Les tueries de 220 civils le 16 juillet dernier au village Kipupu en territoire de Mwenga dans la province du Sud-Kivu par des miliciens, ‘n’ont pas laissé indifférent le docteur Denis Mukwege.

Ces massacres à répétition ont été dénoncées et condamnées par ce prix Nobel de la paix qui ne cesse de plaider pour une paix durable en RDC, surtout dans cette partie du pays, en dressant un tableau sombre depuis 1996.

« Ce sont les mêmes qui continuent à nous tuer. Les comptes macabres de Kipupu sont dans la ligne droite des massacres qui frappent la RDC depuis 1996 », a twitté Denis Mukwegue.

Des sources sûres font savoir que cette attaque était perpétrée par un groupe de milices Ngumino, Twirwaneho et Red Tabara.

Ces groupes ont aussi incendié une centaine de maisons et plusieurs habitants de ce village ont été contraint à des déplacements forcés.

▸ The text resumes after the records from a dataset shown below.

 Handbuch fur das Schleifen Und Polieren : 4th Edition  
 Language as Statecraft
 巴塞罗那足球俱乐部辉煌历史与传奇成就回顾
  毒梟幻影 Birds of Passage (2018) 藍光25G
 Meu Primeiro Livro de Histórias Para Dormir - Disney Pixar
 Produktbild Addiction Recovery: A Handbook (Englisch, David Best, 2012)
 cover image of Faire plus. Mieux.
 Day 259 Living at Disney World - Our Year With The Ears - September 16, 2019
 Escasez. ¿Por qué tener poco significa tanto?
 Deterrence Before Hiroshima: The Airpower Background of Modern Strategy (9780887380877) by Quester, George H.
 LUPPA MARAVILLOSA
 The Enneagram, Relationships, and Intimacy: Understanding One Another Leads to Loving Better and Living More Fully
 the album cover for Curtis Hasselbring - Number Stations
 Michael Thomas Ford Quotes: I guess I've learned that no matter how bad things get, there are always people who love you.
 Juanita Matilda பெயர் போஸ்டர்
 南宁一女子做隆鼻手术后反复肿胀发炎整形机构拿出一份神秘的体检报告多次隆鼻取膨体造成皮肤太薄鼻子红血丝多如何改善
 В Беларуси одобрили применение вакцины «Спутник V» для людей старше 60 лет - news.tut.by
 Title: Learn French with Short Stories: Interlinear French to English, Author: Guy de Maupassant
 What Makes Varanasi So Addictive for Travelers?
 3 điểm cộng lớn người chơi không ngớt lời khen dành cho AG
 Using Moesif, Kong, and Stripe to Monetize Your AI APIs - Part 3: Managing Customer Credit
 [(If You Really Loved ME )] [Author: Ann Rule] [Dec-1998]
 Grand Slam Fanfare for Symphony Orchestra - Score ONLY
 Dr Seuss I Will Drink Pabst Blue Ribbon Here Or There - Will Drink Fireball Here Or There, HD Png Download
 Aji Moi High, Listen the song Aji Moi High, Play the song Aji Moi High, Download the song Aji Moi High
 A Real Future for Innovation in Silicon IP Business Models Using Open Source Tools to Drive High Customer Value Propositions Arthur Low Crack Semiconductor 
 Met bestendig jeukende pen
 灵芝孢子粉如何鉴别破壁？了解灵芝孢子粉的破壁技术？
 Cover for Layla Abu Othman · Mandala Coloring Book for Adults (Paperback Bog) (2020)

Dans sa réaction, le réparateur des « femmes violées » veut voir les auteurs de tous ces actes odieux être punis tant au niveau national qu’international.

Denis Mukwege soutient qu’on revienne sur le rapport mapping élaboré par le Haut-Commissariat des Nations Unies pour les Droits de l’Homme, concernant les violations les plus graves des droits humains et du droit international humanitaire commises en RDC de mars 1993 à juin 2003.

Pour rappel, le rapport Mapping a recensé plus de 610 crimes de guerre et crimes contre l’humanité, qui peuvent aussi être considés comme des crimes de génocide.
« La condamnation des initiateurs de ces attaques a été toujours le souhait de Mukwegue ».